▶ **Task to carry out**:
Everything in the records must be restated exactly, apart from the pictures.

▶ **Materials provided**:
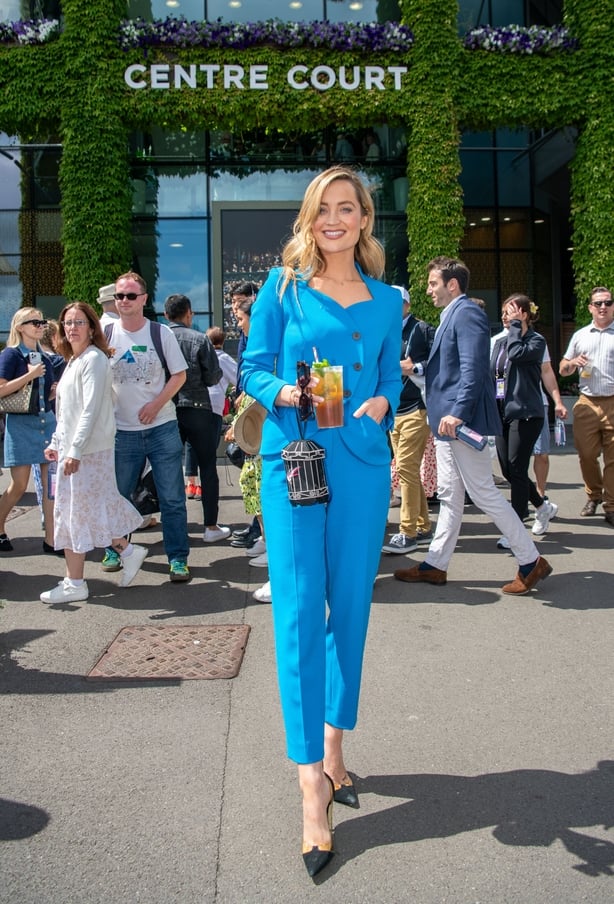LONDON, ENGLAND - JULY 7: Laura Whitmore with Pimm's, an Official Partner of Wimbledon, at All England Lawn Tennis and Croquet Club on July 7, 2025 in London, England. (Photo by Antony Jones/Getty Images for Pimm's)
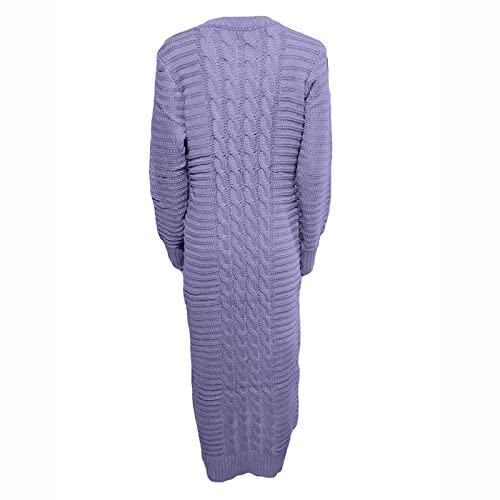 Sweater Dresses For Women 2022, Long Sleeve Turtleneck Dress Winter Wedding Guest Dresses Cute Cardigans Elegant Dress Fall Round Neck Party Dress Club One-Piece Dress Plus Size (M, Light Purple) #TOP2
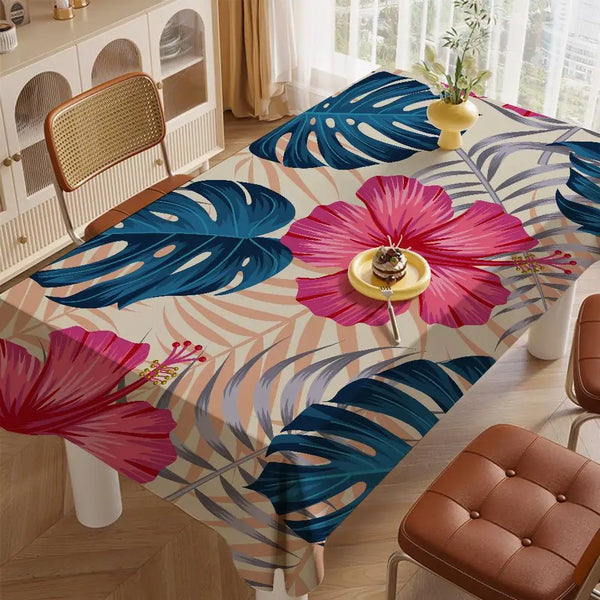 Nappe de table étanche fleurie rectangulaire Nature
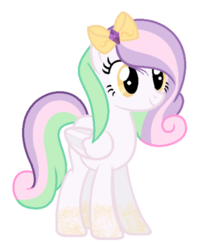 Size: 400x488 | Tagged: dead source, safe, artist:lulamoon18, oc, oc only, pegasus, pony, adoptable, adopted, bow, cute, hair bow, magical lesbian spawn, offspring, parent:princess celestia, parent:sweetie belle, parents:sweetielestia, solo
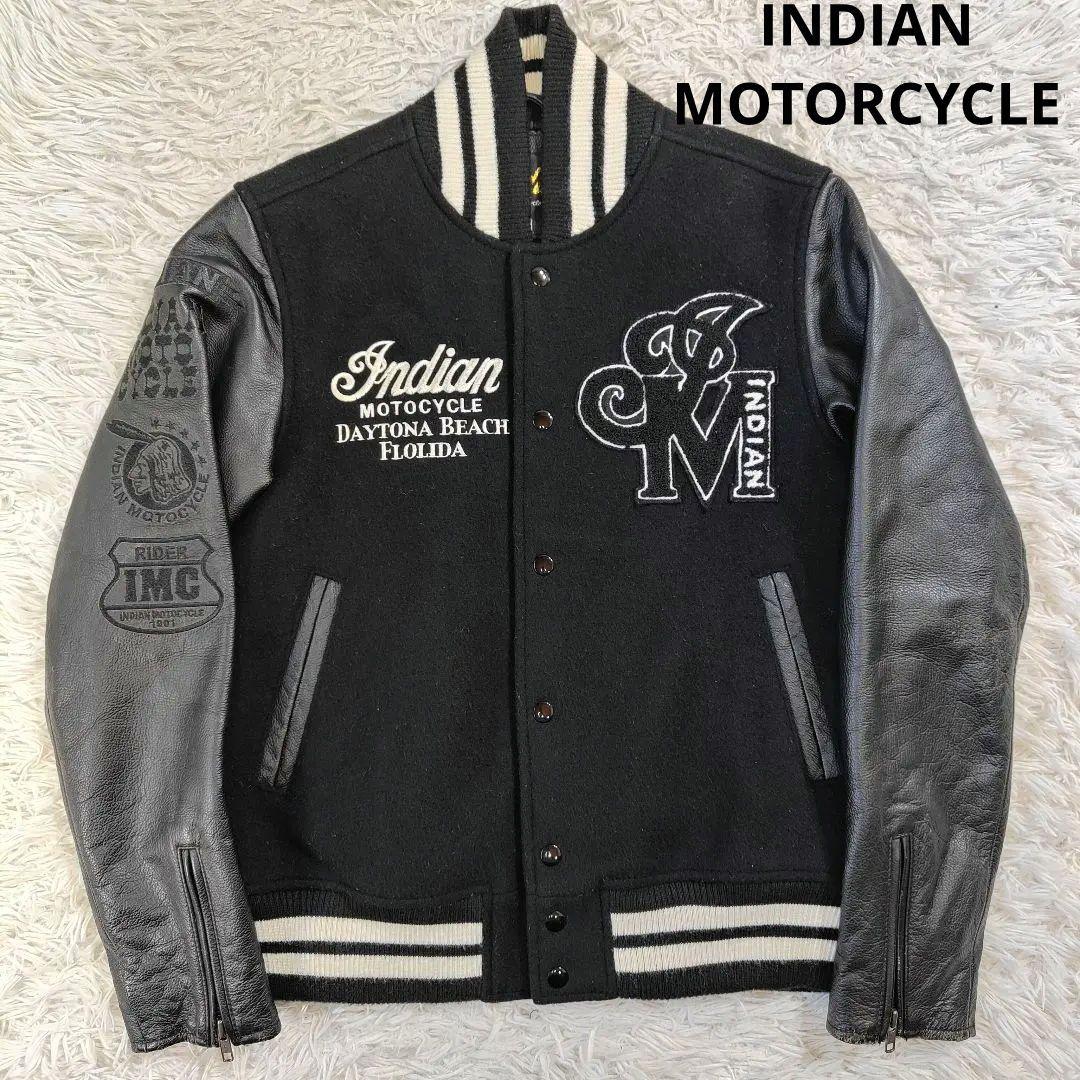 美品　インディアンモトサイクル　スタジャン M 刺繍　本皮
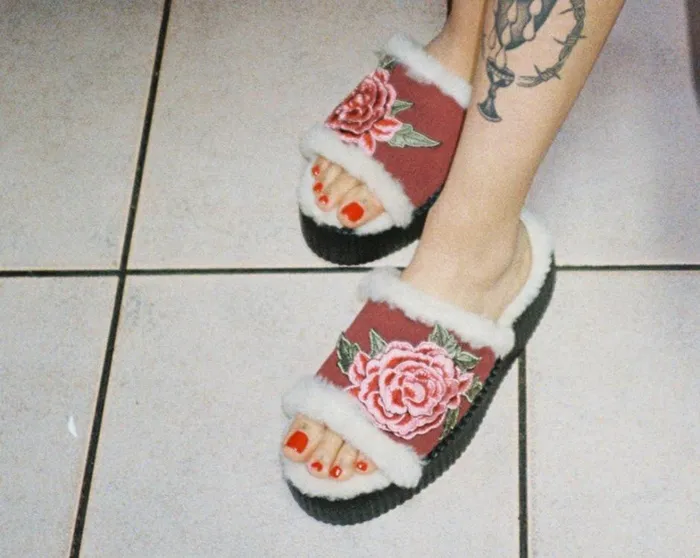 Burgundy Wool Flower Slide Women TUK Shoes Sandals Burgundy Wool Flower Slide Women TUK Shoes Sandals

▶ **Final answer**:
LONDON, ENGLAND - JULY 7: Laura Whitmore with Pimm's, an Official Partner of Wimbledon, at All England Lawn Tennis and Croquet Club on July 7, 2025 in London, England. (Photo by Antony Jones/Getty Images for Pimm's)
 Sweater Dresses For Women 2022, Long Sleeve Turtleneck Dress Winter Wedding Guest Dresses Cute Cardigans Elegant Dress Fall Round Neck Party Dress Club One-Piece Dress Plus Size (M, Light Purple) #TOP2
 Nappe de table étanche fleurie rectangulaire Nature
 Size: 400x488 | Tagged: dead source, safe, artist:lulamoon18, oc, oc only, pegasus, pony, adoptable, adopted, bow, cute, hair bow, magical lesbian spawn, offspring, parent:princess celestia, parent:sweetie belle, parents:sweetielestia, solo
 美品　インディアンモトサイクル　スタジャン M 刺繍　本皮
 Burgundy Wool Flower Slide Women TUK Shoes Sandals Burgundy Wool Flower Slide Women TUK Shoes Sandals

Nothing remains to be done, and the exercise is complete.